Problem description:
Which lines run from the one containing "O eclipse do" to the end of the material below? Copy them exactly, pictures excluded.

Data:

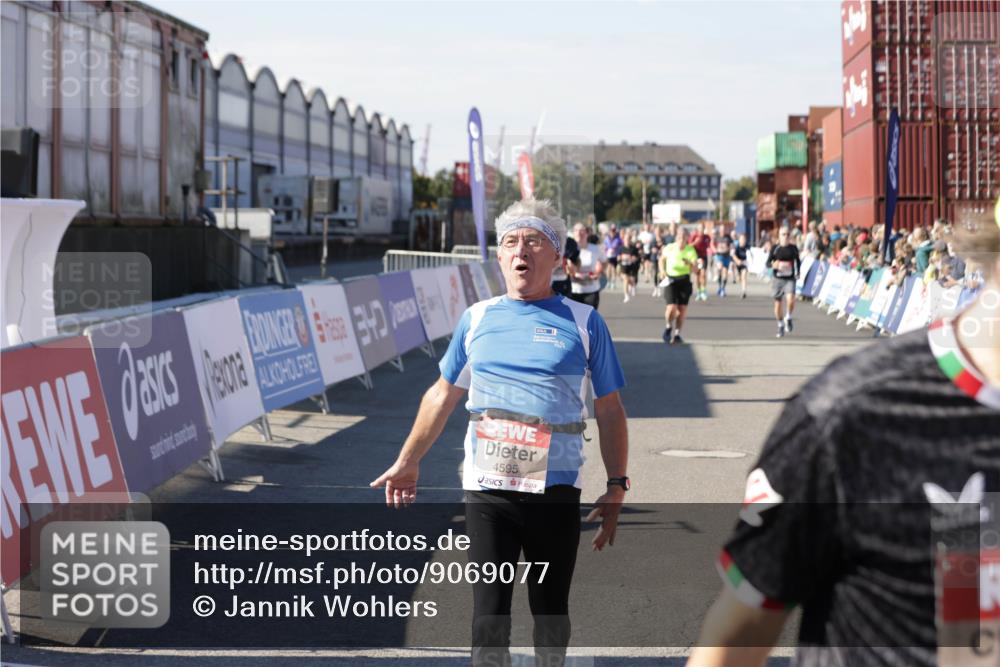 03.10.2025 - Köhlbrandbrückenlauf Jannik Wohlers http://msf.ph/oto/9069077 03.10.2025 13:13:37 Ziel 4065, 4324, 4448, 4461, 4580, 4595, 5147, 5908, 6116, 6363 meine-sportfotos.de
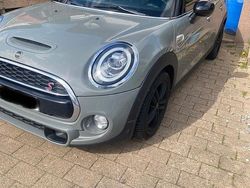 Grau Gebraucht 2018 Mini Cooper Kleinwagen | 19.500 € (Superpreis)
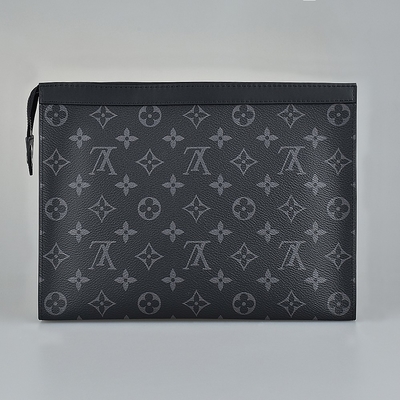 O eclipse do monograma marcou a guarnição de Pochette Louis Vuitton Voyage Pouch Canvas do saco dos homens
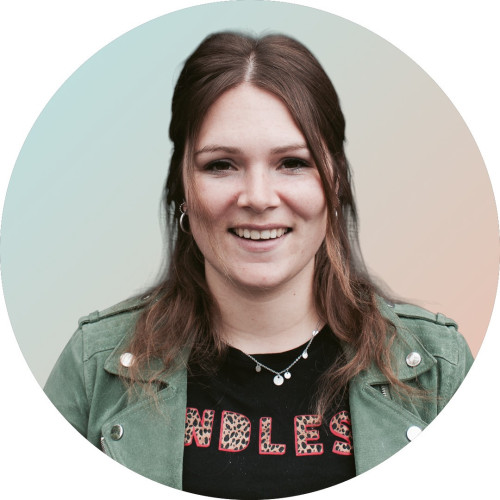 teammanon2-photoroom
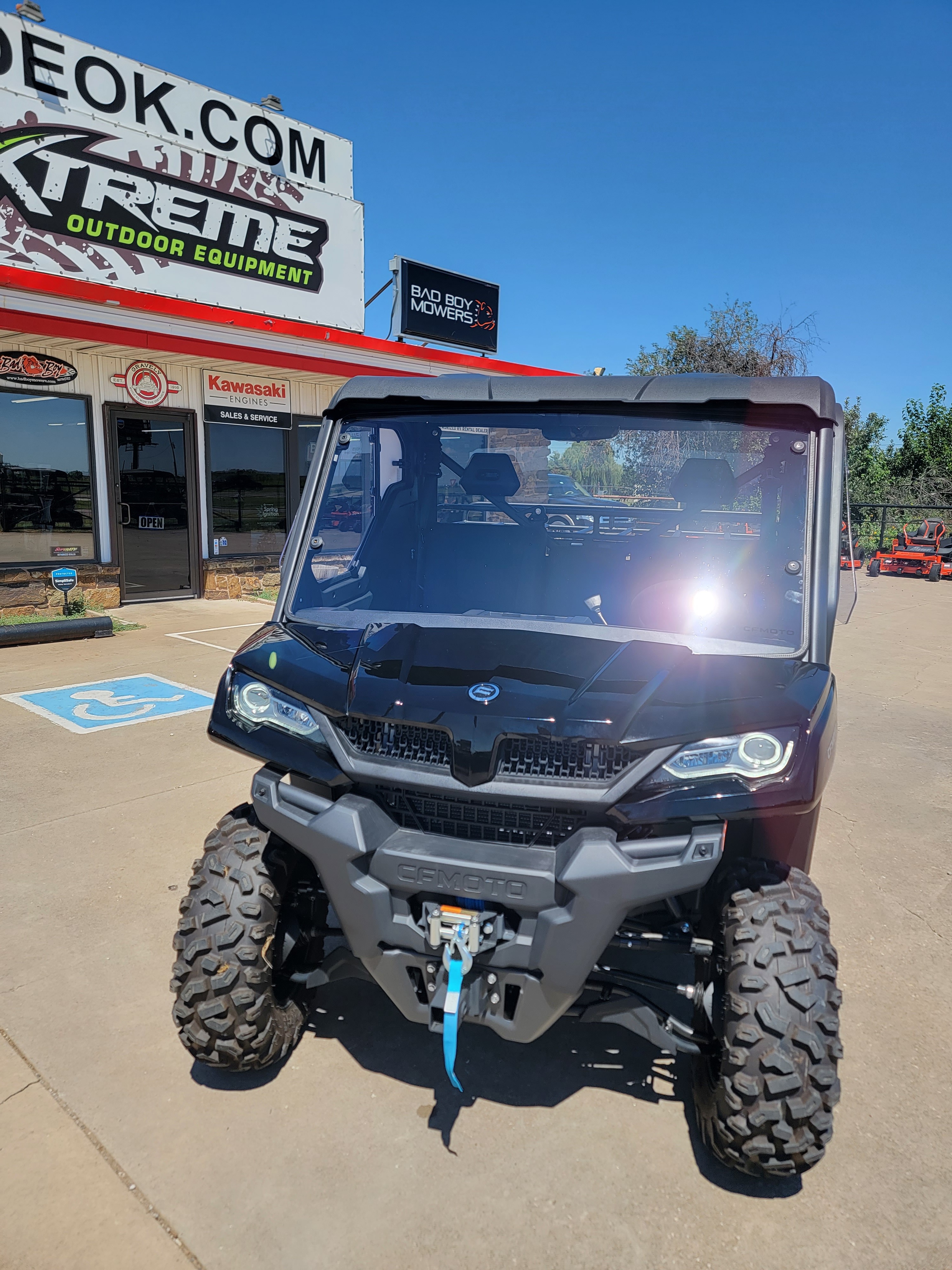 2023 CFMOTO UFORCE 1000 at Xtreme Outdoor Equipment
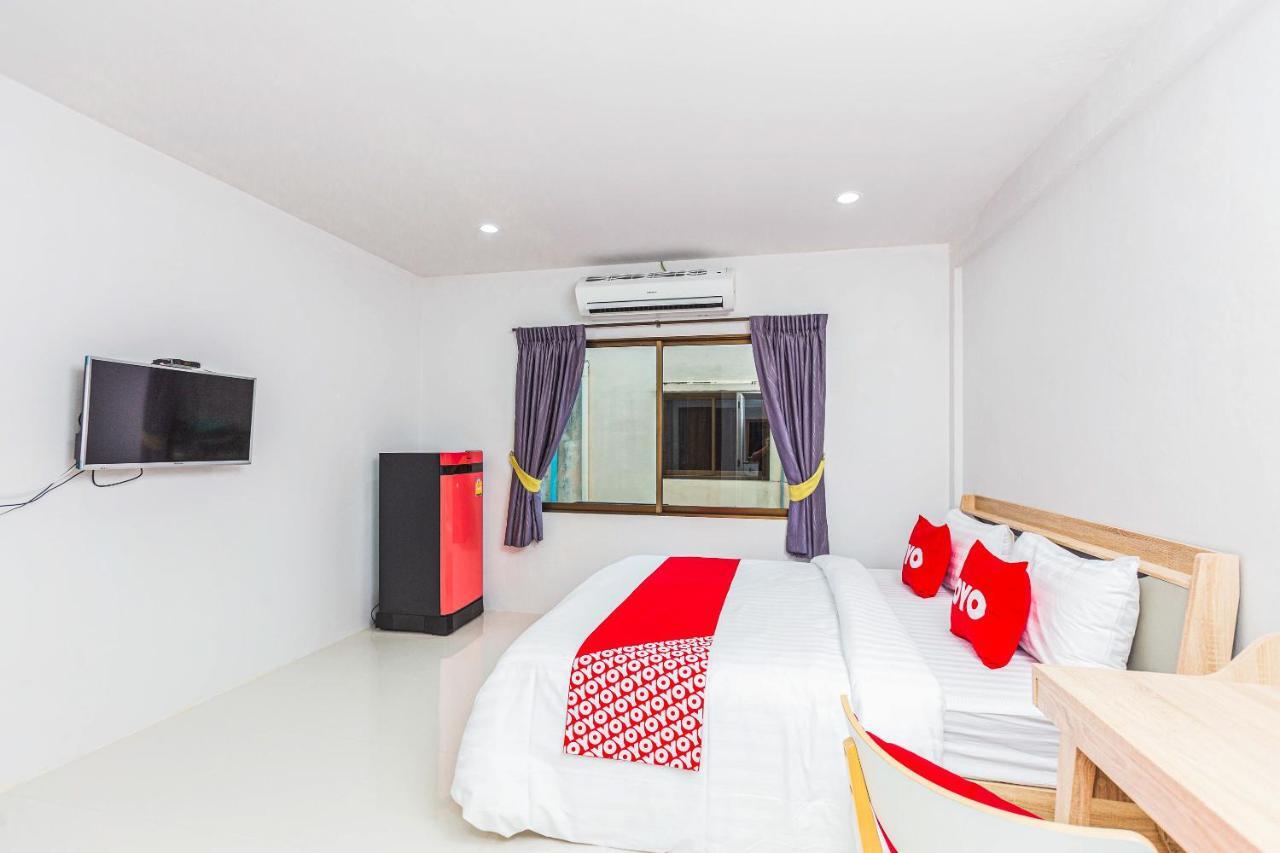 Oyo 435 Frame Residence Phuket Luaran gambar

Task solution:
 O eclipse do monograma marcou a guarnição de Pochette Louis Vuitton Voyage Pouch Canvas do saco dos homens
 teammanon2-photoroom
 2023 CFMOTO UFORCE 1000 at Xtreme Outdoor Equipment
 Oyo 435 Frame Residence Phuket Luaran gambar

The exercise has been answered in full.